§ **WORK REQUEST**
Would you print the records below without changing anything?

[Records from a collection]
========================

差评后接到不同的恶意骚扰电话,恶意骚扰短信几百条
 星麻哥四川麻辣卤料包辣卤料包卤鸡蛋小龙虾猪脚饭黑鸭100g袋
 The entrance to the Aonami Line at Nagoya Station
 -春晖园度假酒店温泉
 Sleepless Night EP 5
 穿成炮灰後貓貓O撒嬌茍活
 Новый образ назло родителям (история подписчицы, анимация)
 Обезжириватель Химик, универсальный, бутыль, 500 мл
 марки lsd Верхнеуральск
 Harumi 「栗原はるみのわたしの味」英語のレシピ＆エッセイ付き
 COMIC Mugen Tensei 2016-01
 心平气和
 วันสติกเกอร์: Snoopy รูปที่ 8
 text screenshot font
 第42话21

========================

§ **WRITTEN RESPONSE**
差评后接到不同的恶意骚扰电话,恶意骚扰短信几百条
 星麻哥四川麻辣卤料包辣卤料包卤鸡蛋小龙虾猪脚饭黑鸭100g袋
 The entrance to the Aonami Line at Nagoya Station
 -春晖园度假酒店温泉
 Sleepless Night EP 5
 穿成炮灰後貓貓O撒嬌茍活
 Новый образ назло родителям (история подписчицы, анимация)
 Обезжириватель Химик, универсальный, бутыль, 500 мл
 марки lsd Верхнеуральск
 Harumi 「栗原はるみのわたしの味」英語のレシピ＆エッセイ付き
 COMIC Mugen Tensei 2016-01
 心平气和
 วันสติกเกอร์: Snoopy รูปที่ 8
 text screenshot font
 第42话21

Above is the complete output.